En las elecciones de 2018 faltó una campaña negativa fundada en la verdad en contra de López Obrador. Los mexicanos votaron sin saber que durante décadas vivió de moches y aportaciones ilegales, ignorando posibles relaciones con el crimen organizado, desconociendo el temperamento autoritario de quien hizo de la corrupción modus vivendi y modus operandi.

El ciudadano depositó a ciegas la papeleta en la urna. Algunas de estas informaciones debidamente probadas comenzaron a circular hace poco. En el caso de Ricardo Anaya, la campaña negra que sufrió exhibió extraordinaria eficacia: lo apeó de la competencia, curiosamente siendo coordinador de campaña Jorge G. Castañeda. Quizás se exageró la corrupción de Anaya, pero no faltó a la verdad en lo fundamental. No quiero decir que López Obrador no hubiera ganado esas elecciones, pero quizás lo hubiera hecho por un menor margen de votos con impacto directo en el número de escaños y curules.

Las campañas negras deben limitarse en el tiempo porque terminan por perjudicar al candidato al que buscan beneficiar. Lo negativo capta la atención de inmediato y se sostiene durante un tiempo, pero luego aburre. A priori, el ciudadano está interesado en las propuestas de los aspirantes por lo que un exceso de críticas hacia determinado candidato no sólo desanima al elector sino que puede despertar su simpatía fortaleciendo a quien se pretende debilitar. Pero en el actual proceso quizás también esta premisa acabe siendo desechada.

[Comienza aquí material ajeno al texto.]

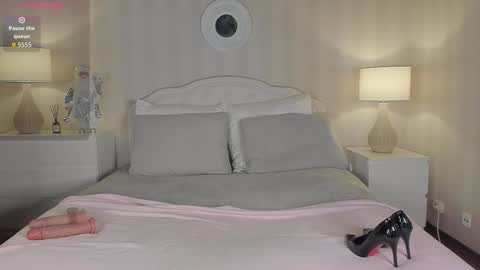 Valeria online show from December 2025 05:38:02 AM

Andrés Manuel incumplió todas sus promesas de campaña sin excepción, también la de cancelar el AICM. La mentira y la demagogia presiden la vida pública como nunca.

No es descartable que frente a esta evidencia, el ciudadano ya no se interese ni siquiera en los compromisos de los candidatos. Las promesas parecen un requisito, no un propósito. El gobierno de López Obrador ha generado con su actuación otro modo de concebir las campañas desterrando las negras y apostando por las sucias.

            Todo indica que la apuesta se redobla. Traspasados los límites ya no hay retorno. Esos límites se transgredieron desde inicios del sexenio por lo que es probable que los equipos de los respectivos candidatos recurran a campañas sucias. Esta estrategia deforma la realidad, engaña al ciudadano, tergiversa el proceso electoral. Las campañas negras tienen límites; las campañas sucias, ninguno. Las primeras desnudan a un candidato, las segundas lo enlodan. Sigue siendo necesario conocer a los aspirantes para que el voto, siempre emocional, sea también razonado.